Recorded data:
:::::

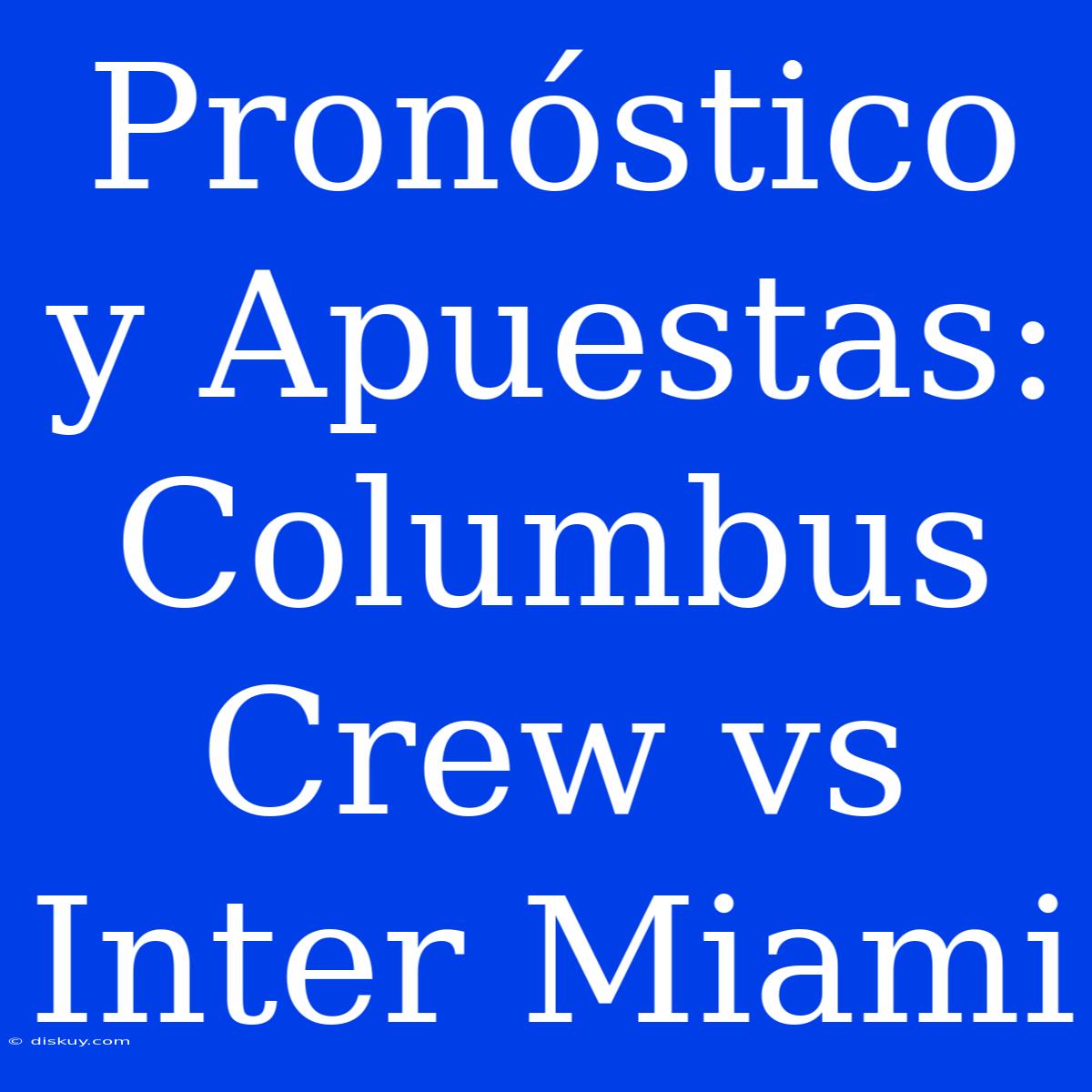 Pronóstico Y Apuestas: Columbus Crew Vs Inter Miami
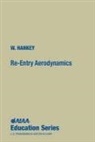 Wilbur L Hankey, Wilbur L. Hankey, Wright State University W. Hankey - Re-Entry Aerodynamics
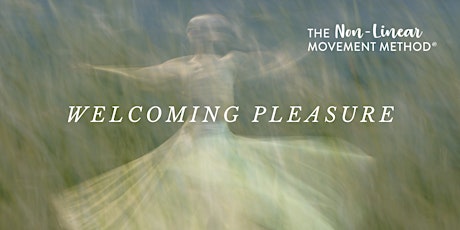 Welcoming Pleasure - The Non-Linear Movement Method®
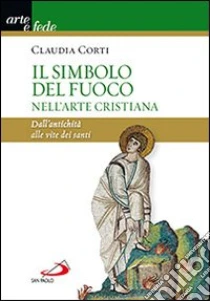 Il simbolo del fuoco nell'arte cristiana. Dall'antichità alle vite dei santi libro di Corti Claudia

:::::

Work to complete:
Repeat all the material above exactly, apart from the pictures.

Solved problem:
 Pronóstico Y Apuestas: Columbus Crew Vs Inter Miami
 Wilbur L Hankey, Wilbur L. Hankey, Wright State University W. Hankey - Re-Entry Aerodynamics
 Welcoming Pleasure - The Non-Linear Movement Method®
 Il simbolo del fuoco nell'arte cristiana. Dall'antichità alle vite dei santi libro di Corti Claudia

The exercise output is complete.